I’m still very keen to hear if there are more efficient options for checking for duplicates, or for speeding this whole operation up further generally - many thanks!
Not really. Each situation is different so all I can do is point you at the docs for transactions and suggest you read a few previous posts on here about using them.
After a quick look at your code, and assuming that this process is never running twice in parallel, here are my comments:
Touching the database is slow. Replace get_next_uid with a counter variable
anvil.server.task_state might be slow (I haven’t tested it). Unless you need it to see the exact point where it crashes, you could do it once every second or two. Something like this (even better if the function builds the strings, instead of building the strings only to discard them):
If the chances of finding duplicated rows is low, it may be better to add all the rows without checking for duplicates, then scan the table with an ordered search and delete the duplicated then. One search at the end with a few deletes may be much faster than checking every row
Another approach to checking for duplicates is to keep a set in memory with all the rows. If each row is small, keeping 100,000 items in a set should be manageable. If each row is large, then you could hash them and keep the hashes in the set (assuming that they are hashable, which should be the case because your data is coming from a csv)
The reason why you use a transaction is to manage atomicity.
The nice side effect is that they are faster.
Between the start and the end of the transaction, the database engine doesn’t need to notify anybody about what’s going on.
Between the start and the end of the same set of operations without a transaction, the database engine needs to make sure that any other access to the database knows about those operations.
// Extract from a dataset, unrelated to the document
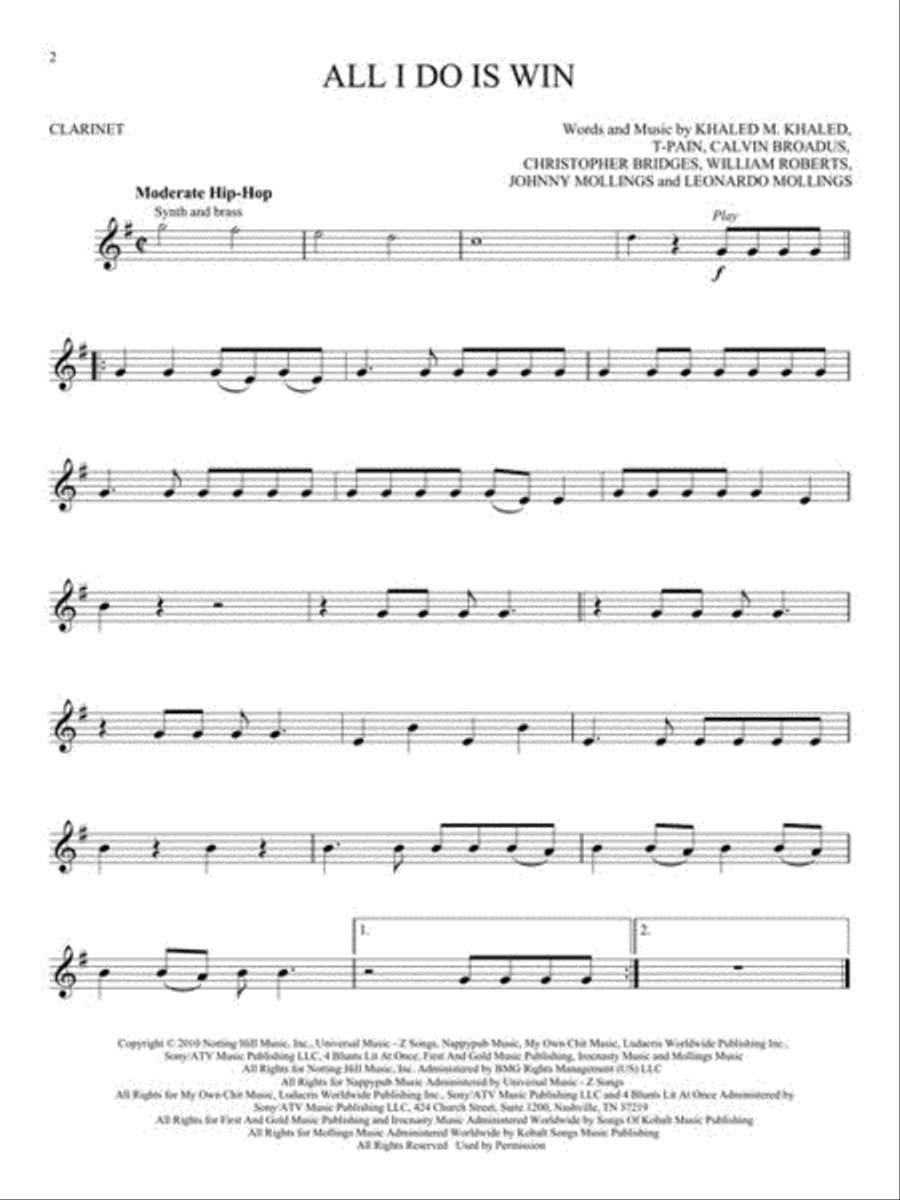 <br>Sheet music extract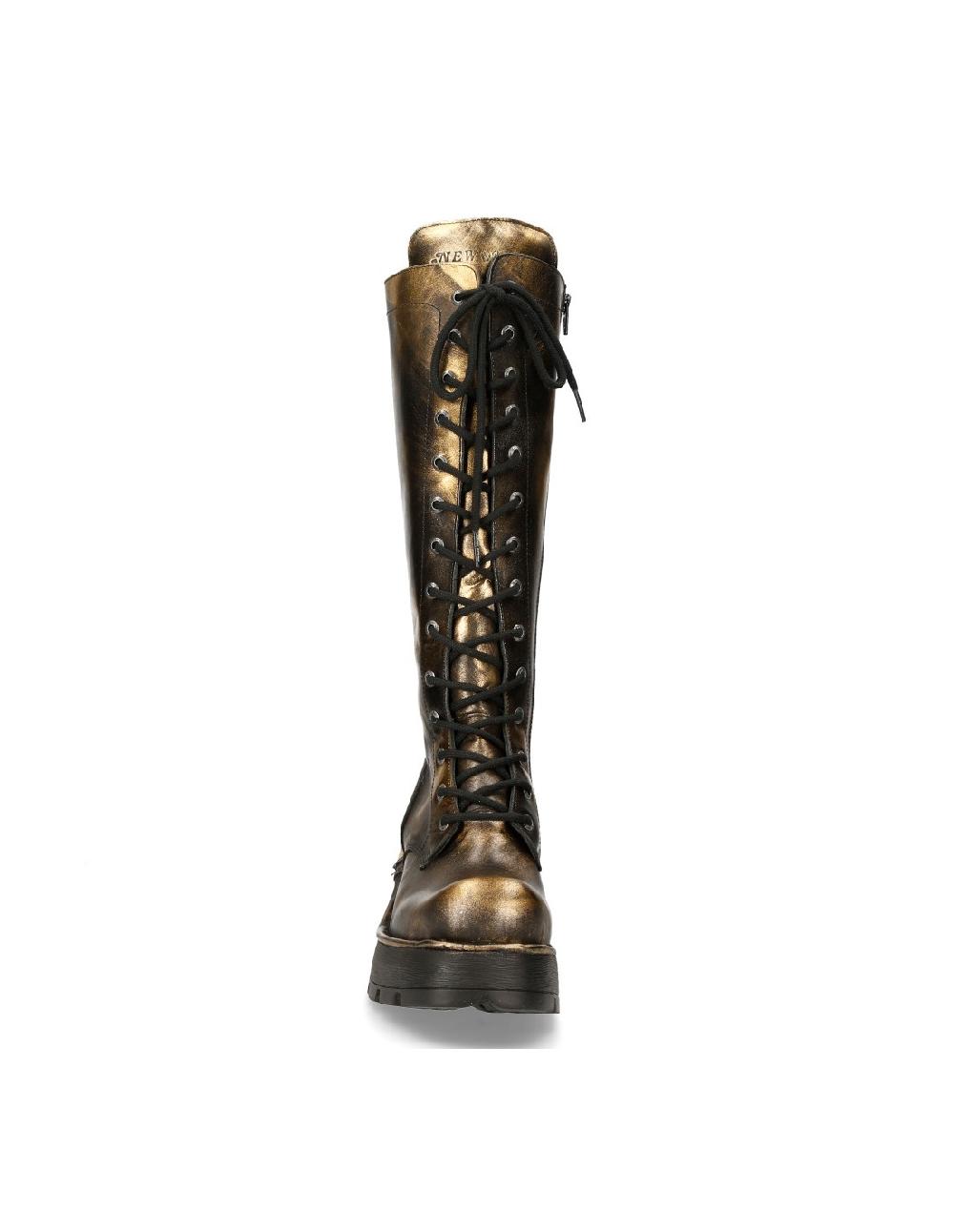 New Rock BOOT METALLIC M-236-C9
That adds an overhead that in some case has an impact on the performance.
Yes that is what I use them for (inserting chunks of 10 , 50 or 100k at a time) in place of something like .executemany(). I always witnessed it being faster so I never changed it, but for some reason there was an idea floating around that it wasn’t optimized that way.
Thanks for clarifying it.
Also I like your idea of using sets, I could imagine an implementation of a UNIQUE constraint across multiple columns being done by constructing a set of tuples for the current table state, and then another for the data to insert, then using .intersection() to find the collisions.
Obviously possible to do just using .search() etc. from anvils toolkit, but I bet it would be way faster for tens of thousands of rows, collecting comparing and then writing only on the relevant inserts or rows.
To clarify what I meant in that other post: Anvil is not going to ‘stash’ your changes and submit them to the database as a single SQL call - it’ll just tell postgres to open and close a transaction around your statements. So you still incur the overhead of touching the database each time you make a CRUD operation on the Anvil table/row object.
I didn’t know that a transaction might offer some performance benefits too - interesting. I’m still guessing that’s small potatoes vs the Python stuff… anyone want to do some testing?
Because of this constraint, I don’t know of a good answer to AWSOM’s question. As Stefano says one database access is faster than thousands of python statements. However, there’s no ‘bulk insert’ made available through the Anvil Tables API (feature request?). So, there is no way to avoid at best one python statement per row, and therefore no way to avoid tens/hundreds of thousands of of python statements in this case.
I did some tests long time ago, and it was saving anywhere between nothing and 30% of the time, depending on your luck.
While getting rid of that get_next_uid(table) used at the top of the thread and the get to check for duplicated before adding every row, would go from hitting the database 4 times to 1 time per row, so it will save 75-ish% of the time.